Lebih dari satu dekade, La Familia telah dikenal sebagai kelompok pendukung tim sepakbola dengan aksi kekerasan dan aksi rasisme bahkan kelompok ini secara terang-terangan menolak pemain muslim berada di tim.
Salah satu kejadian yang masih diingat para pecinta sepak bola dunia adalah, saat La Familia secara terang-terangan mengintimidasi Zaur Sadaev dan Dzhabrail Kadiev meski mereka sejatinya adalah pemain Beitar.
Alasanya, karena dua pemain baru tersebut adalah seorang muslim dari Republik Ceko, dan kelompok La Familia menentang pemilik klub melakukan transfer pemain muslim lantaran dianggap memutuskan ideologi klub.
Imbas ketidaksukaan itu, puluhan anggota La Familia mengelilingi tempat latihan Beitar dan menyiuli Zaur Sadaev serta Dzhabrail Kadiev, hingga menyanyikan lagu kebangsaan Israel yang isi liriknya kental dengan keinginan bangsa Yahudi menguasai Israel.

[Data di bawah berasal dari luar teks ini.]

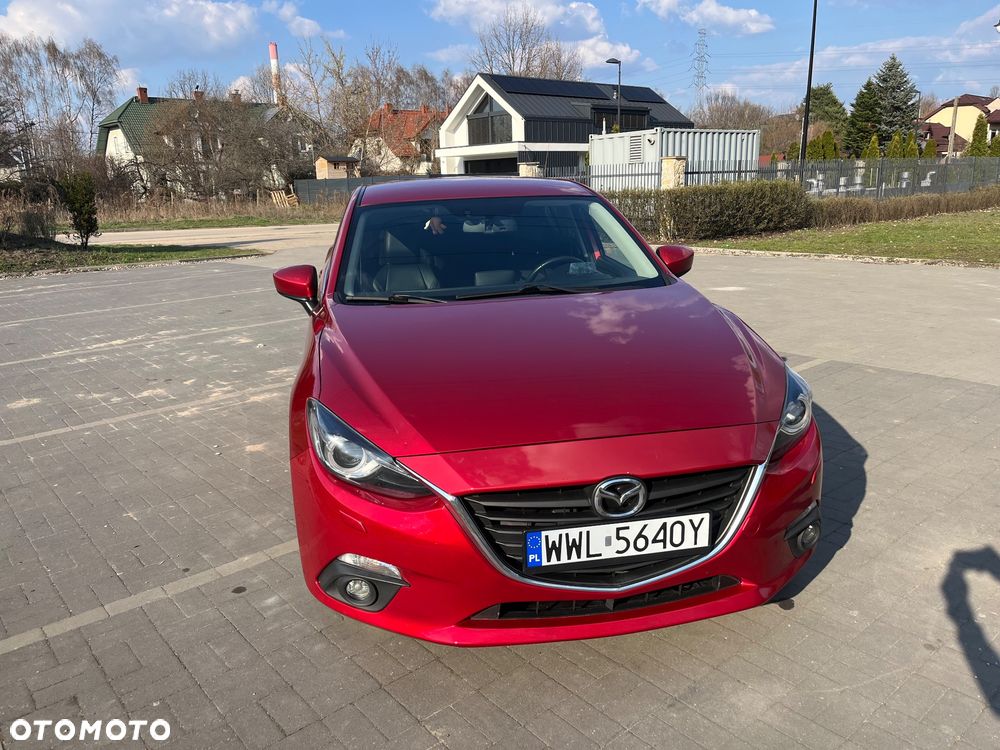 Mazda 3 - 2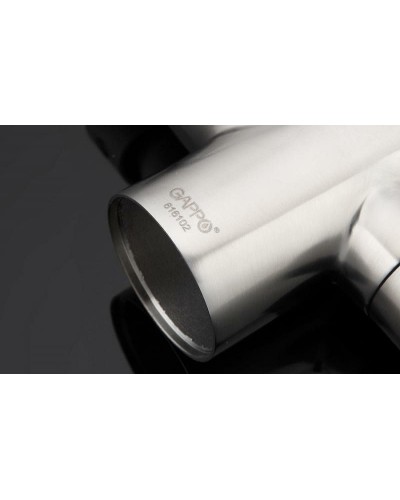Смеситель для кухни Gappo G4399 Нержавеющая сталь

Tidak cuma ancaman dan diskriminasi kepada dua pemain muslim tersebut, pelatih Beitar juga mendapat ancaman bahkan hingga pembunuhan dari para suporter jika ia memainkan Sadaev ataupun Kadiev.
Namun pelatih Eli Cohen tidak bergeming, ia tetap melakukan pekerjaannya secara profesional dan saat pertandingan berlangsung, Zaur Sadaev dimasukkan lantaran tim memang butuh striker tambahan.

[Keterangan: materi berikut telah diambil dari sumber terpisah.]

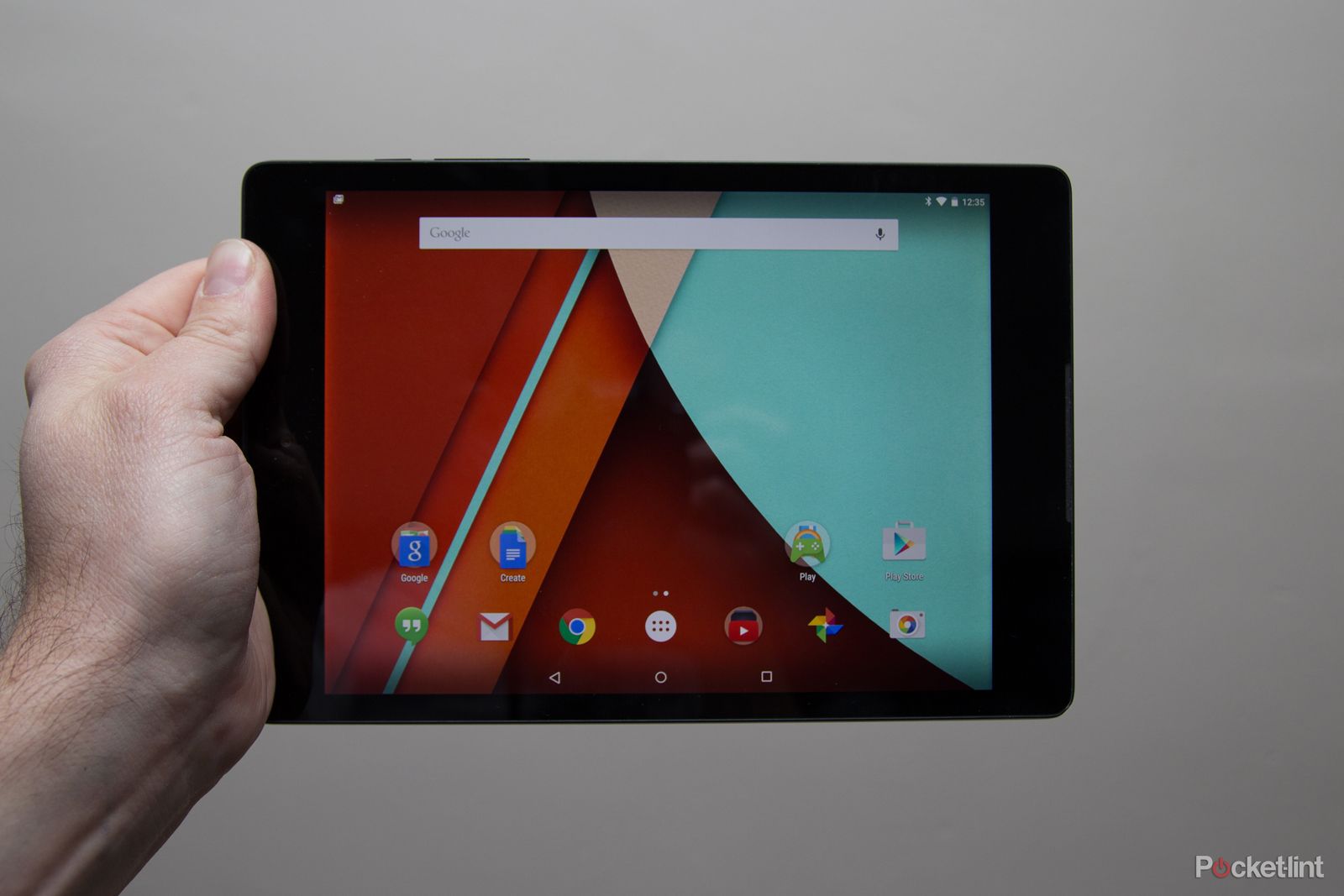 Nexus 9 review: The cutting edge of Android tablets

Hasilnya, La Familia protes keras dan hampir seisi tribun berisi dengan cacian dan ucapan diskriminasi yang ditujukan untuk Sadaev, pelatih hingga presiden klub.

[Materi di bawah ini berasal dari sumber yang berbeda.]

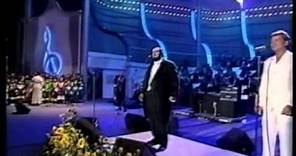 Luciano Pavarotti & Ian Gillan - Nessun Dorma [Live]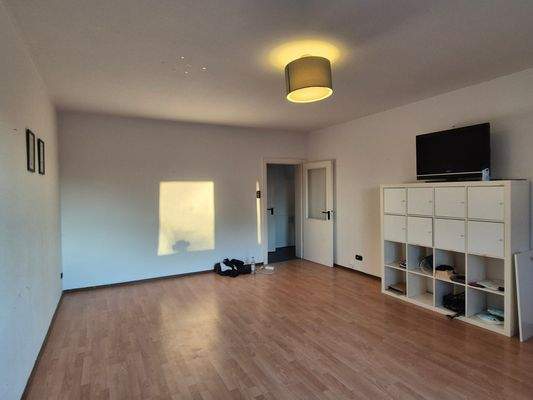 Wohnung 2 Wohnzimmer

Menariknya, Zaur Sadaev yang mendapat perlakukan rasis sepanjang laga tersebut berhasil membungkam kelompok suporter dengan lesakkan gol, sekaligus menyelamatkan Beitar dari kekalahan atas Maccabi Netanya.
La Familia sampai dibuat bingung dengan gol Zaur Sadaev, sebagian dari mereka ada yang berselebrasi namun tidak sedikit yang makin mencari sang pemain hingga akhirnya memutuskan keluar dari stadion.
Tidak cuma sekali La Familia melakukan penolakan terhadap pemain muslim, pada 2019 lalu mereka masih melakukan aksi rasis terhadap salah satu pemain mereka yang bernama Ali Mohamed.
Meski bernama Ali Mohamed, namun pemain kelahiran Niger tersebut adalah seorang penganut Kristiani. Melansir dari laman CNN, disebutkan jika La Familia tidak menyukai Ali Mohammad lantaran ia memiliki nama khas seorang muslim.
"Kami tidak punya masalah apa pun dengan pemain ini, karena ia adalah seorang Kristen yang taat. Tapi kami punya masalah dengan namanya. Kami akan memastikan bahwa namanya diubah, sehingga Mohamed tidak terdengar di Stadion Teddy (Beitar)," ucap salah satu penggemar yang dilansir dari laman CNN.
Meski pihak suporter kerap membuat masalah dengan menolak pemain muslim, pemilik klub Beitar dalam beberapa tahun terakhir justru membuka jalan dan berusaha menghilangkan stigma negatif La Familia terhadap pemain muslim.
Bahkan pemilik Beitar saat ini, Moshe Hogeg mengaku tidak mempermasalahkan agama ataupun nama para pemain yang datang, asalkan sang pemain bisa menghormati klub yang ia perkuat dan membantu tim meraih juara maka pintu masuk untuk Beitar FC akan selalu terbuka.